Gut Bacteria as Living Therapeuticals
Authors: Rajni Singh and Neha Sharma

Gut microbiota is the microbe population living in the intestine. Human gut microbiota contains tens of trillions of microorganisms, with at least 1000 different species of known bacteria having more than 3 million genes (150 times more than human genes). One third of the gut microbiota is common to most people, while two thirds are specific for each one. Due to its immense impact on human health, for example in host metabolism, physiology, nutrition and even immunity, this community is often regarded as our hidden metabolic ‘organ’. It is becoming evident that the microbiota co-evolves with us. Such changes may be beneficial or harmful for human health. It is suggested that disruption of the gut microbiota (or dysbiosis) can result significantly with respect to pathological intestinal conditions such as obesity and malnutrition systematic diseases such as diabetes and chronic inflammatory diseases such as inflammatory bowel disease, encompassing ulcerative colitis (UC) and Crohn’s disease. Synthetic biotics are being manufactured, which would sense and correct metabolic abnormalities like phenylketonuria and urea cycle disease that are some major diseases and rare genetic disorders.
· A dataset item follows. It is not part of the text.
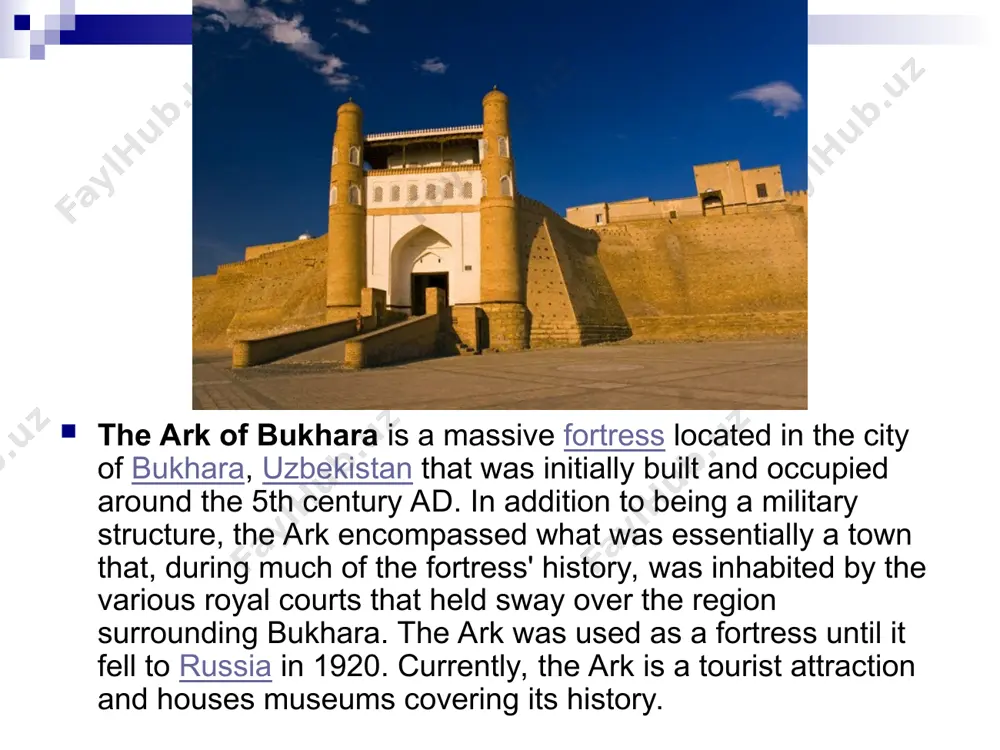 ark is contained in the "history of bukhara" by abubakra of narshakhi (899 - 960). abubakra wrote "biden, the ruler of bukhara, built this fortress, but it soon was destroyed. many times it was constructed, many times destroyed." the age of the ark has not been established accurately, but by 500 ad it was already the residence of local rulers. here, in the fastness of the citadel, lived the emirs, their chief viziers, military leaders, and numerous servants. when the soldiers of genghis khan took bukhara, the inhabitants of the city found refuge in the ark, but the conquerors smashed the defenders and ransacked the fortress.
While each of us has a unique microbiota, it always fulfils the same physiological functions, with direct impact on our health

Some of the functions are:

  • These organisms help in digestion of certain food which cannot be digested normally.
  • They help in production of some vitamins that is vitamin B & K.
  • They protect the intestinal mucosa by preventing the growth of undesirable microorganisms.
  • Plays an important role in the immune system.
  • Proper digestive functioning of the human body depends upon the presence of these gut microbiota.
  • It plays normal function of our body and different functions it complete successfully.
Taking into account the major role gut microbiota plays in the normal functioning of the body and the different functions it accomplishes, nowadays specialist consider it as an “organ".
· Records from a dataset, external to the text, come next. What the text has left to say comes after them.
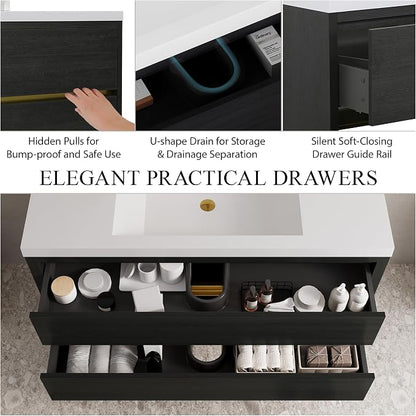 Modern 48" Wall-Mounted Bathroom Vanity with Sink | Floating Storage Cabinet, Stone Resin Countertop, Soft Close Drawers | Espresso Wood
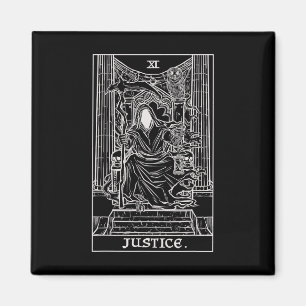 Aimant Justice Tarot Card Grim Reaper Halloween Goth Horr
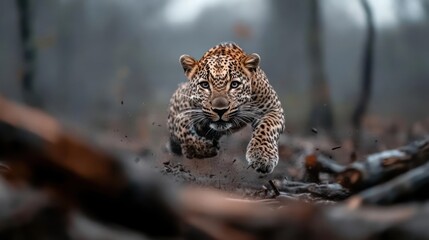 Aufkleber - Focused close-up of a jaguar in mid-leap, dirt kicking up from beneath its paws against a blurred background of a wooded area. The lighting highlights the jaguar's spotted coat and determined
Major microbes present in gut:

Bacteroides, Clostridium, Faecalibacterium, Eubacterium, Ruminococcus, Peptococcus, Peptostreptococcus, Bifidobacterium .

Surprisingly, Escherichia and Lactobacillus are present in lesser amount in microbiota.

Two main diseases which do not have any remedy at present:

  1. Urea cycle disorders :
Urea cycle disorder is a genetic disorder which results in the nitrogen accumulates in the form of ammonia, highly toxic substance for the human body, which results in hyperammonemia (elevated blood ammonia). This condition can cause irreversible brain damage followed by coma and finally death.

Currently no sure shot remedy has been designed for completely curing the conditions but the symptoms can be managed efficiently by Low protein, high-calorie diet, Medications, Amino acid supplements, Liver transplantation

  1. Phenylketonuria
Phenylketonuria (PKU), a rare genetic condition causing phenylalanine (an amino acid) to build up in the body. An enzyme called phenylalanine hydroxylase converts phenylalanine to tyrosine, which is a nonessential amino acid. Tyrosine is needed to create neurotransmitters, such as epinephrine, norepinephrine, and dopamine.

PKU is treated by taking a special diet which limits foods containing phenylalanine. Avoid high protein diet like eggs, cheese, nuts, milk, beans, chicken, fish, pork, beef. Other treatment is Medication.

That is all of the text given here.